[Required action]:
Write out the entire listing below exactly, with the pictures left out.

[Data below]:
= Beginning of Section =

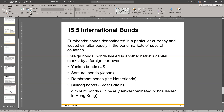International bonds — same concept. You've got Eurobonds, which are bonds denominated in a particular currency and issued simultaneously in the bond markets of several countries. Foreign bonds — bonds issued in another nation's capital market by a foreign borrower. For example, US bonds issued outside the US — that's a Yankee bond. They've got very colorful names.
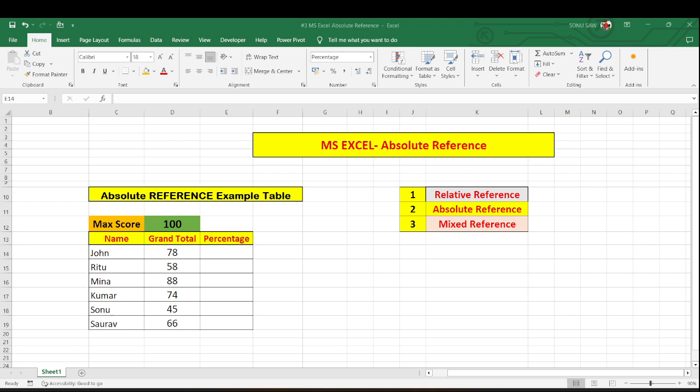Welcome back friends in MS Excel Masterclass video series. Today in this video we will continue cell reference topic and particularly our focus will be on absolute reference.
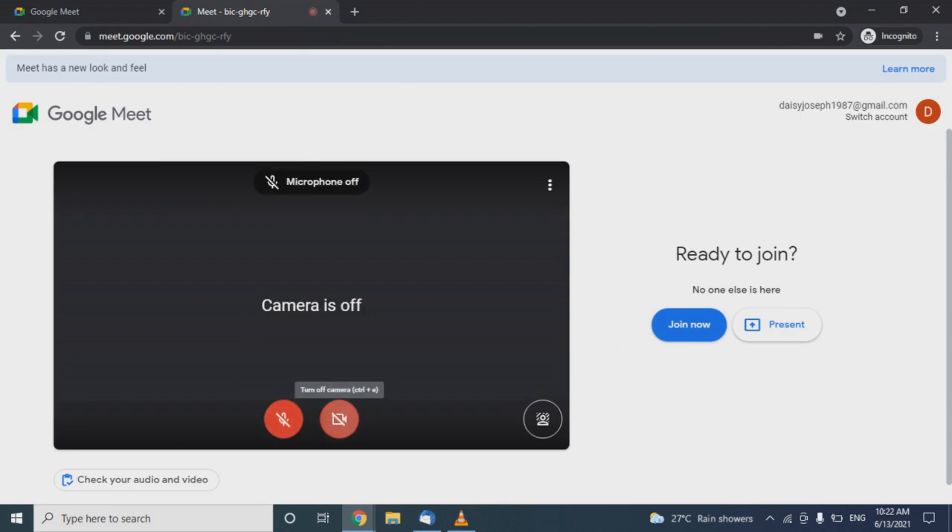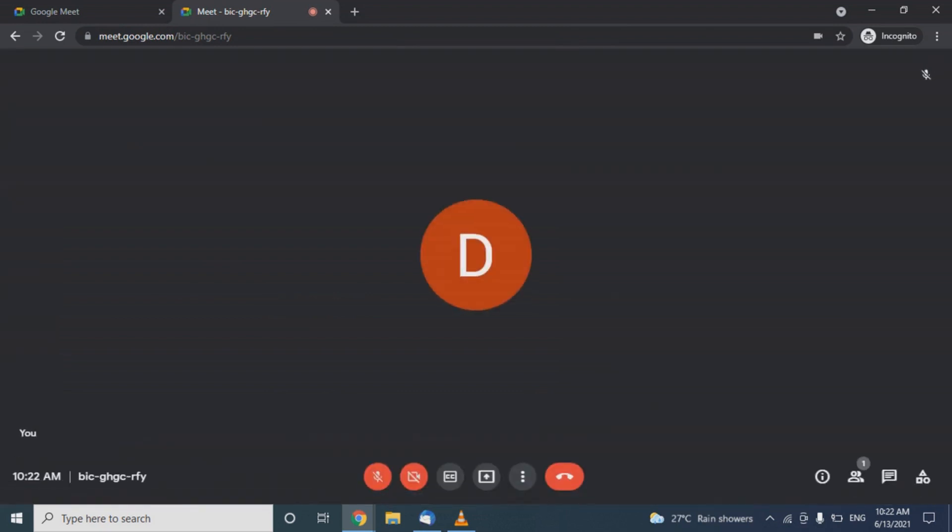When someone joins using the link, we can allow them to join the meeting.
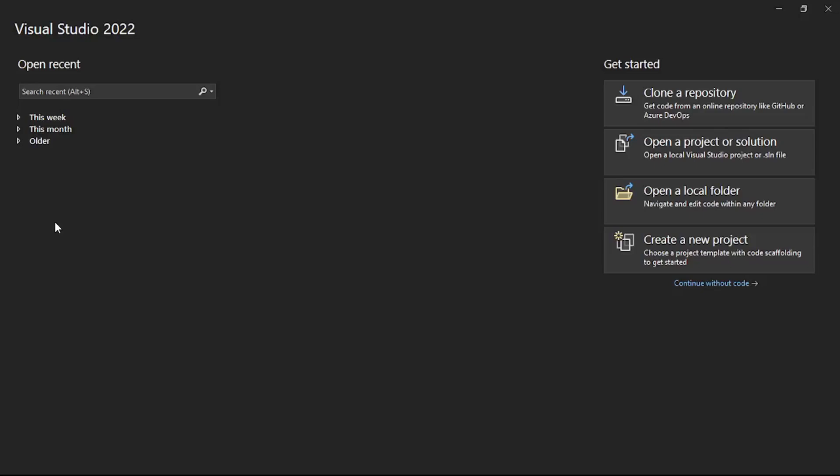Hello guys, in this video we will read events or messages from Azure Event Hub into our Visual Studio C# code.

= End of Section =

[Output below]:
International bonds — same concept. You've got Eurobonds, which are bonds denominated in a particular currency and issued simultaneously in the bond markets of several countries. Foreign bonds — bonds issued in another nation's capital market by a foreign borrower. For example, US bonds issued outside the US — that's a Yankee bond. They've got very colorful names.
Welcome back friends in MS Excel Masterclass video series. Today in this video we will continue cell reference topic and particularly our focus will be on absolute reference.
When someone joins using the link, we can allow them to join the meeting.
Hello guys, in this video we will read events or messages from Azure Event Hub into our Visual Studio C# code.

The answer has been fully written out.